È iniziato come un sussurro sui canali underground: una nuova minaccia cyber, mascherata da hacktivismo, che lasciava caos dietro di sé. Ma quando interi server sono scomparsi nel nulla negli Stati Uniti e in Israele, il mondo se n’è accorto. Il colpevole? Handala-un gruppo sfuggente legato all’Iran, la cui firma non è il furto, ma la distruzione.
L’anatomia di una squadra d’assalto digitale
Handala, tracciato anche come Void Manticore, COBALT MYSTIQUE e Storm-1084, è comparso per la prima volta alla fine del 2023. Gli analisti di sicurezza hanno rapidamente identificato la reale appartenenza del gruppo: è una copertura del MOIS iraniano, che orchestra sabotaggi sotto la maschera dell’attivismo. L’arma preferita è il temuto “wiper”-malware progettato per un solo scopo: cancellare irreversibilmente i dati e paralizzare le operazioni.
A differenza dei cybercriminali sofisticati che sfruttano vulnerabilità zero-day, gli attacchi di Handala sono allarmantemente semplici-ed efficaci. Il vettore principale del gruppo è l’errore umano: email di phishing inducono i dipendenti a consegnare le proprie credenziali. Da lì, gli attaccanti procedono con metodo, andando a caccia di account amministrativi, soprattutto quelli che gestiscono Microsoft Intune, una piattaforma cloud per la gestione degli endpoint.

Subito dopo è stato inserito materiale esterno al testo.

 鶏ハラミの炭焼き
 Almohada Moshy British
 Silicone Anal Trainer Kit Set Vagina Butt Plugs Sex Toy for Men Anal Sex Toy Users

Con identità amministrative rubate, Handala si confonde con la normale attività di rete. Poi, usando strumenti legittimi, scatena comandi di wipe su larga scala che devastano server e workstation-spesso prima ancora che i difensori si rendano conto di cosa stia accadendo. L’impatto è immediato: le aziende si fermano, e il ripristino può richiedere settimane o mesi.
Difendersi dal nemico invisibile
Gli esperti avvertono che i modelli di sicurezza tradizionali non sono all’altezza di questa nuova tipologia di attacco. La soluzione? Un approccio zero-trust alla gestione di identità e privilegi. Si invita le organizzazioni a eliminare i diritti amministrativi “permanenti”, passando a un modello Just-In-Time in cui l’accesso elevato è rigidamente controllato e limitato nel tempo. L’autenticazione a più fattori-soprattutto quella basata su hardware, come le chiavi FIDO2-aggiunge un ulteriore livello cruciale.

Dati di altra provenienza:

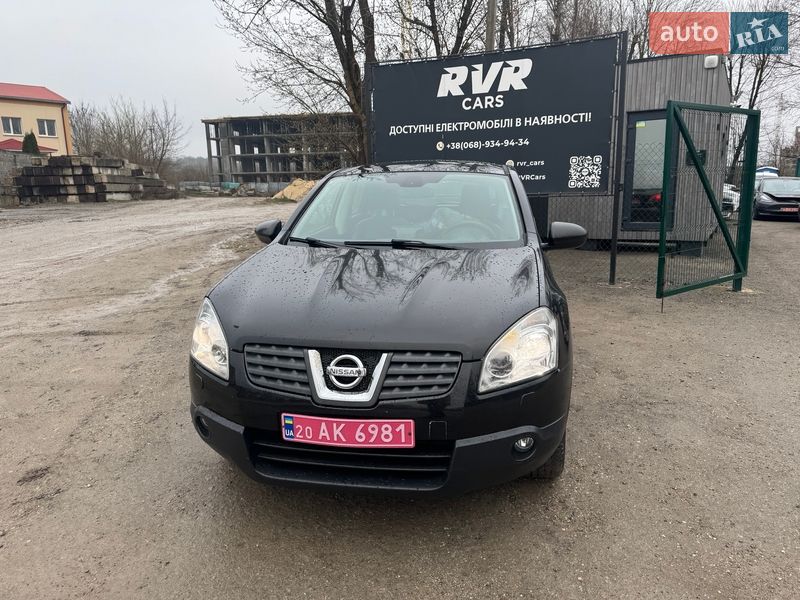 Nissan Qashqai 2008 Nissan Qashqai 2008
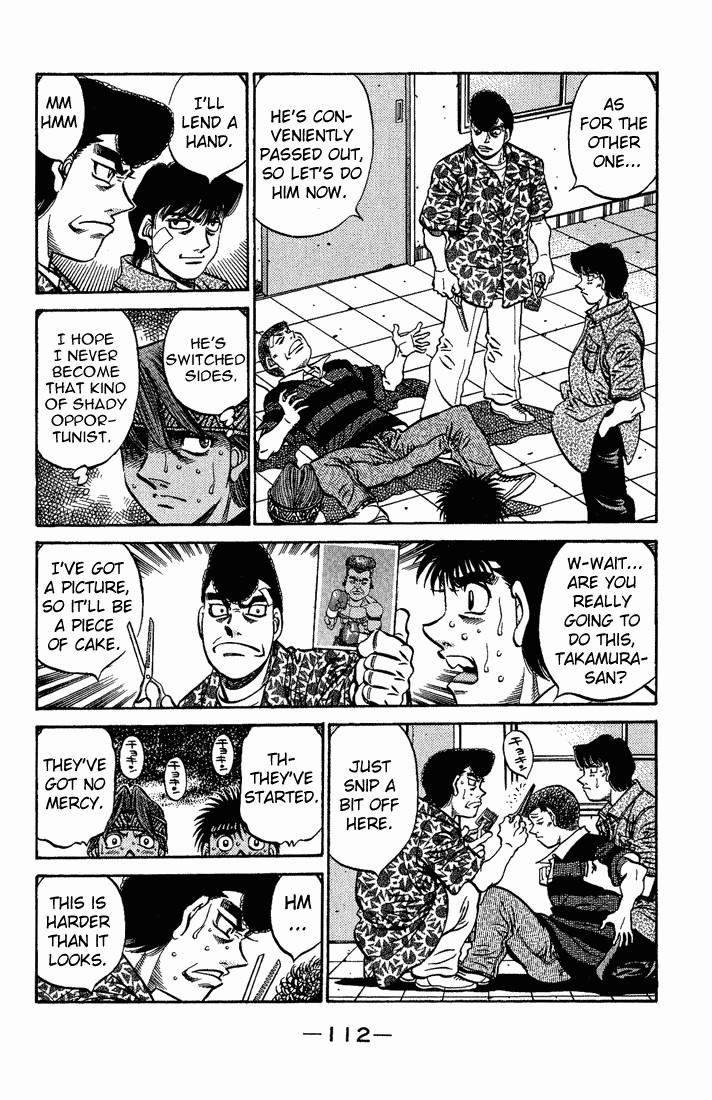 Hajime no Ippo chapter 558 page 9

Per azioni ad alto impatto, come il wipe dei dispositivi, richiedere l’approvazione di più amministratori può fermare gli attaccanti sul nascere. Limitare il numero di account privilegiati e isolare gli ambienti cloud dai sistemi on-premises riduce inoltre il raggio d’azione in caso di violazione.
Con le tensioni geopolitiche che alimentano campagne cyber sempre più aggressive, la lezione è chiara: vigilanza, controlli moderni delle identità e una sana diffidenza verso ogni accesso sono ormai difese essenziali contro sabotatori sostenuti dallo Stato come Handala.
WIKICROOK
- Malware wiper: Software malevolo progettato per cancellare in modo permanente i dati dai dispositivi, rendendo impossibile il recupero.
- Phishing: Email o messaggi ingannevoli che inducono gli utenti a rivelare informazioni sensibili come le password.
- Microsoft Intune: Servizio cloud per gestire e proteggere i dispositivi all’interno delle organizzazioni.
- Zero-trust: Modello di sicurezza che presume che nessun utente o dispositivo sia automaticamente affidabile, richiedendo una verifica continua.
- Accesso Just-In-Time (JIT): Concessione di privilegi amministrativi solo temporaneamente e quando strettamente necessario, riducendo il rischio.